I arrived at the workshop on the Wednesday morning and straightaway bumped into Rigby’s MD Marc Newton, instantly I found myself amidst a busy and crammed showroom, with a mug of coffee in hand. Production manager Jamie Holland kindly showed me around, while Marc’s PA, Tony ensured my mug never went empty. A low table was cleared as a platform, upon which a couple of wonderfully tanned camel-skins formed a protective and beautiful backdrop for rifles I chose to photograph. Jamie handed me any piece I showed an interest in.
The new Rigby Falling Block is just my cup of tea. Two out of the series of 10 were almost finished. Modelled on late Victorian Farquharson rifles, they looked stunning and strong. To learn how they were made, I visited the gunmakers, stockers and the engravers. Gunmaker Brice Swieton showed me the action bodies and barrels still in the white, while engravers Geoffrey Lignon and Andreas Robert explained some possible engravings. All the barrels were inlayed with “416 Rigby No. 2”, the calibre of this series. These rifles are certainly a match to the historic Rigby-Banks and Rigby-made Farquharson rifles in the collection.
Equally new to me were the double square bridges – medium bore rifles in .350 Rigby Magnum. These rifles are exact copies of pre-war Rigby Mausers. The cartridge is a real classic and one of the most universal and shootable medium bores I can think of. I am very glad that Rigby snatched it, literally out of the grave.
Of course, there were Rising Bite double rifles in production as well. Two lavishly engraved and awe-inspiring examples had just been made in the gargantuan .600 Nitro Express calibre and awaited final test firing.
Now picture a well off gentlemen or gentlewoman and equip him or her with a Rising Bite double in .500 Nitro Express, a Rigby Falling Block in .416 No.2 and a Rigby Mauser repeating rifle in .350 Rigby Magnum. Such a person might spend a lifetime on safaris, fear nothing and feel classy all the time.
For the second day I was scheduled to accompany Jamie Holland on a trip to the John Rigby & Co. Rifle Range at the West London Shooting School. Six rifles, a huge wooden ammo box, and a padded rifle rest went with us.

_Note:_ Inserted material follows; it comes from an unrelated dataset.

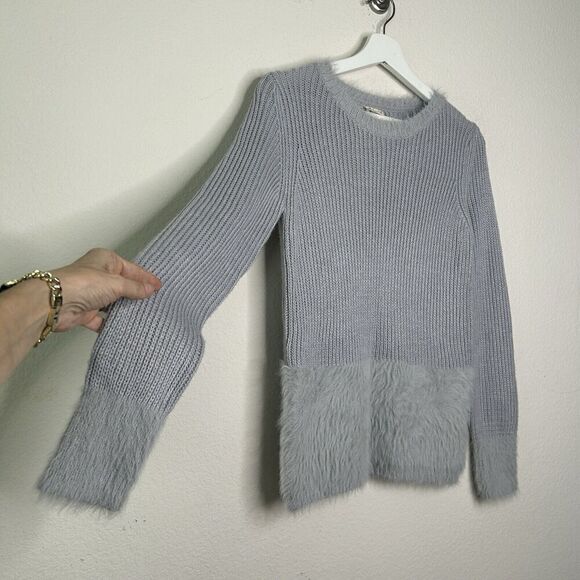 Hem & Thread Gray Faux Fur Hem , Cuff and Collar Sweater S - Picture 5 of 9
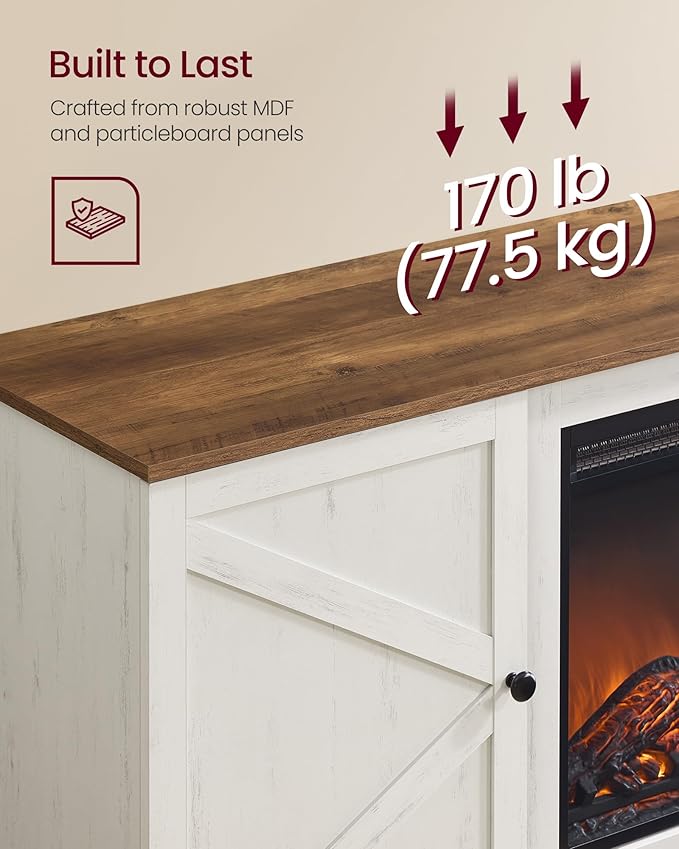 VASAGLE Fireplace TV Stand for TVs up to 65 Inches, 18-Inch ELectric Fireplace with Remote, Farmhouse Entertainment Center, Media Console Table for Living Room, Rustic White and Honey Brown ULTV540W01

At first Jamie adjusted the scopes and test fired the rifles, before I was invited to try them myself. I started with a provisional scoped Rigby Mauser in .350 Rigby Magnum which was still in the white. The rifle was very pleasant to shoot and luckily my target compared to the one shot by Jamie. Next came a Rigby Falling Block. I had desired from the beginning to shoot one of these extraordinary creations and there was absolutely no disappointment. The rifle felt well-balanced and handled easily. It was a pure joy to fire some rounds offhand. The cartridge? The .416 Rigby No. 2 is the .416 Rigby, just rimmed and naturally the recoil is what you would expect from a .416 though not punishing due to the stock design and appropriate weight for the calibre. For handloaders, the massive shells must be a dream.
At the end of our shooting, the ultimate test still awaited me. Would I fire a Rising Bite in .600 NE? I did not flinch, but as a matter of prudence I borrowed Jamie’s gel shoulder pad. Yes, the barrels rose high in the sky, but to my great surprise, the recoil did not feel fearsome.
On our way back, Jamie received a call from Marc, saying that Sheikh Abdullah Al Thani from Qatar was at the workshop and would like to have a look at the falling block. We were kindly greeted by the Sheikh, who then showed great interest in the rifle. It turned out that Sheikh Abdullah studied in Germany and though he preferred to speak English, he spoke clear German as well.
What more can you pack into two days?